Blueprint 2020 continues to be the key driver in the federal government’s on-going pursuit of improving public services for Canadians and renewing the federal public service. The renewal elements include a desire to improve the quality and relevance of its policy advice to government and to improve productivity, efficiency and services.

The five objectives of Blueprint 2020 are broad based and forward looking. In summary they are to promote innovation and networking, empowerment and more efficient work processes, the greater use of technology in the work force, better people management, and the active promotion of public service values and ethics which reinforce the aspirations and values of the millennial generation.

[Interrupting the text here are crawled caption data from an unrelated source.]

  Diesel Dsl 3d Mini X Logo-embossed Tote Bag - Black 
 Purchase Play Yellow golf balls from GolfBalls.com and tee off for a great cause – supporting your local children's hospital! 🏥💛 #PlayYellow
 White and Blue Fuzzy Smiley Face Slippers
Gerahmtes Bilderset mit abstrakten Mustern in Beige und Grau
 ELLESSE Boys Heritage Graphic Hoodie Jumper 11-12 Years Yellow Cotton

To reinforce the need for reform, the Secretary of the Treasury Board has also been driving a parallel exercise through the articulation of the “key leadership competencies” that are going to be required of employees, at all levels, in the public service in the coming years. Running through all of the expected competencies are four common themes: values and ethics (such as excellence in client service); thinking things through (such as analysis and ideas); engagement (such as sharing information and consultation); and excellence through results (which encompasses efforts to encourage more initiative and collaboration).

These far reaching and ambitious objectives are being contested by a number of contextual developments that will challenge the public service’s ability to successfully make the necessary changes in the way it operates and manages its human resources. Failing to capture the significance of these challenges could ultimately undermine the success of the two exercises.

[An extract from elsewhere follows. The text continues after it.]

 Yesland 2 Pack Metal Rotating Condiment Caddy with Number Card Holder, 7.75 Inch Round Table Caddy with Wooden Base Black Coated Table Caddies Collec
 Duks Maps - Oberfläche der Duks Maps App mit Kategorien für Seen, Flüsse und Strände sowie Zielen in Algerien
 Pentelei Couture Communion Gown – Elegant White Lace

First, over the past decade the federal government has hired more than 110,000 new employees, the vast majority of whom were hired into entry-level jobs. As a consequence of the increase in hiring since 2006, approximately 25 percent of the public service has less than five years of government experience and 60 percent has less than 15 years experience. In effect, it is a very young workforce that is being asked to respond to Blueprint 2020 and the Treasury Board’s key leadership competencies.

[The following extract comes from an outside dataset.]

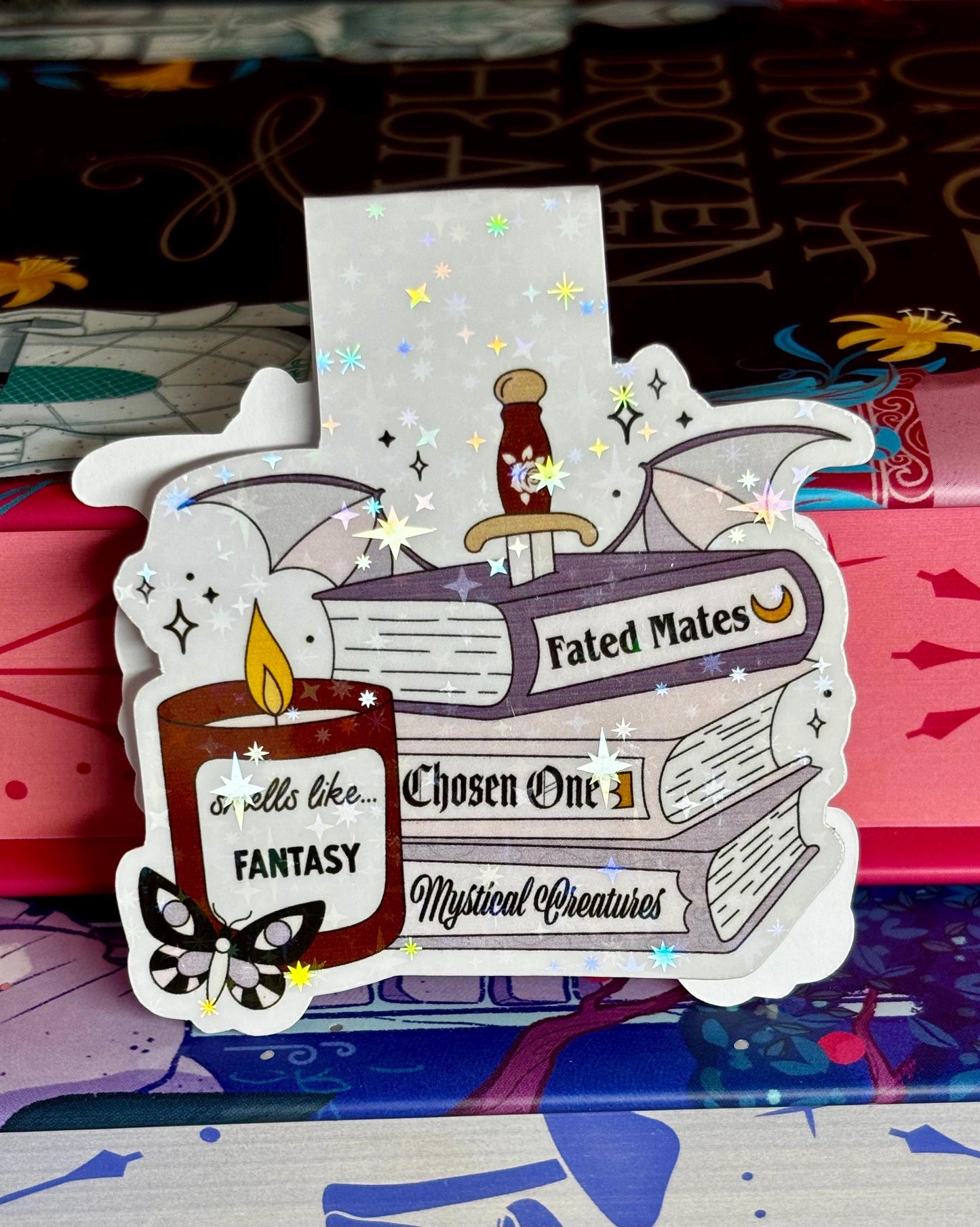 Smells Like Fantasy Book Stack Magnetic Bookmark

Second, the series of recent government personnel and spending cuts have weakened employees’ notions of job security and generally threatened the longstanding principle that a permanent job in government was effectively a career-long appointment.

Third, Canadians are changing their behavioural patterns with regard to accessing government services. More than ever, citizens expect seamless and efficient government services as they experience enhanced levels of service from private sector providers. Their growing expectations are pushing the established boundaries concerning service standards.

Last, and perhaps most significant, young people have different values than earlier generations of new employees and they dramatically differ from their current bosses in terms of work attitudes and career expectations. Most notably, young employees are in constant communications with one another, are less attached to the workforce, have high job mobility, are very demanding of the work world, and demonstrate high levels of so-called egocentric behaviour.

Despite these demographic and situational factors that are making reform more difficult than expected, the Blueprint 2020 initiative is the public service’s best chance to lead the “new” public service in a genuine renewal effort by building on the new employee cohort’s appreciation of information technology and the power of emerging wireless communications technologies.

The challenge for the public service leadership, which includes everyone with managerial responsibilities, is to motivate the recently hired Millennials by doing the following:

• Take advantage of the considerable technical, social media, and communications skills of the new generation of public servants by making the workplace adapt to them, not the other way around. This can be achieved by encouraging the modernized interactions among employees that have been identified in the Treasury Board’s leadership competencies but have been rarely implemented.

• Create a learning environment for staff that will strive to complement employee skills with the values being championed in the competency regimes.

• Identify potential leaders from among the young cohort to provide guidance, develop capacity, evaluate performance, and support their efforts to balance work and other demands.

• Harness the technologies that are currently available through third-party application developers that will enhance the quality of service delivery, coordination and communications among employees, and interdepartmental collaboration.